It’s that time of year when I am trying to get all my tasks corralled before the holidays: all those health insurance claims (a particular horror where I work, where you pay for everything up front and then tape all those paper receipts onto a piece of paper and copy them and then make a PDF with all kinds of bits and bobs in a certain order–it’s so maddeningly 1950s, with the exception of the Xerox-related aspects–so you can be partly reimbursed in a leisurely fashion); remembering to call the garage for an appointment to get the car inspection done, alas, already late; taking the girls to the vet so they can be solemnly allowed into the USA, after ensuring they are not, after all, ragingly rabid; stumbling across all those mysteriously unpaid bills–my favorite being the garbage pick-up bill, which is not sent to you in advance or on any kind of regular billing cycle, and is not definitely not available by direct debit, OH NO, because just think of the convenience!, and, turning to happier topics, getting ready for Christmas.

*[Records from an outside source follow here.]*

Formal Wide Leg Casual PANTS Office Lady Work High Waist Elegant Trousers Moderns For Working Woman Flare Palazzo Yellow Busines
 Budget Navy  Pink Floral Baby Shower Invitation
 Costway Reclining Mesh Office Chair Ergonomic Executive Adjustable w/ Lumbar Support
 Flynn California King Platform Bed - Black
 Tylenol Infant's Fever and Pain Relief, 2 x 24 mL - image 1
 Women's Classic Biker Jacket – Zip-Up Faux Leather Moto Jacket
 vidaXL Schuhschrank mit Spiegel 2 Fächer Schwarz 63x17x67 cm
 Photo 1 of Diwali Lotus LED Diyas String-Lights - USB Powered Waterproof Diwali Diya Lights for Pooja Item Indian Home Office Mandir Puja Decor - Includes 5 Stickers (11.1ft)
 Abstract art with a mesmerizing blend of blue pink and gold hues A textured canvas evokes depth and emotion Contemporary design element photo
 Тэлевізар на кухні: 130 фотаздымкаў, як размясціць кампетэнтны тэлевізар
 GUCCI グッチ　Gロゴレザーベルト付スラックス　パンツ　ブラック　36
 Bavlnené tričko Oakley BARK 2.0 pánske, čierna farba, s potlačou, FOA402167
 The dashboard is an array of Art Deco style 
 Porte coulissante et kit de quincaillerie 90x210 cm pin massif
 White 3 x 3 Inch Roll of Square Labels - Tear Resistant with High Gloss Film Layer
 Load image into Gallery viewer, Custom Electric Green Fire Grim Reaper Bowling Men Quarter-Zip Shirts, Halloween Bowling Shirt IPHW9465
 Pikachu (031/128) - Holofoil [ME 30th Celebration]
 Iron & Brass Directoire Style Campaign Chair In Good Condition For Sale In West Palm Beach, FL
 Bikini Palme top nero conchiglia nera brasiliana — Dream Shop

Today I hope to put out my crèche, with all my lovely santons. It is one of my favorite French traditions and makes me feel assimilated! Photos to come.

And I’ll be hanging–with luck; need to make sure I’ve got the needed hardware–my big Moravian star and my little Moravian garland, which I was so happy to find last weekend in Dresden. They seem to be still made by hand and in Germany, not China! That makes me feel very Winston-Salem-y and not at all France-assimilated. A serious touch of home.

That brings back memories of lovefeasts past, especially at Wake Forest, with its big and beautiful annual Christmas lovefeast, one of the loveliest services anywhere. And of my great friend Ed Christman, much loved and greatly missed. Just like with my Dad, I often think of things I want to tell him. Oh, the political conversations we could have had over the past year!

Wake Forest University celebrates its 43rd annual Lovefeast ceremony in Wait Chapel on Sunday, December 2, 2007. Chaplain Timothy Auman, right, listens as retired University Chaplain Ed Christman gives the benediction.

I can almost smell that heavy, heavy beeswax scent of those candles. I used to help cut the trim and wrap them for the lovefeast–hundreds, thousands?! of them. Never has a dorm room smelled so delicious.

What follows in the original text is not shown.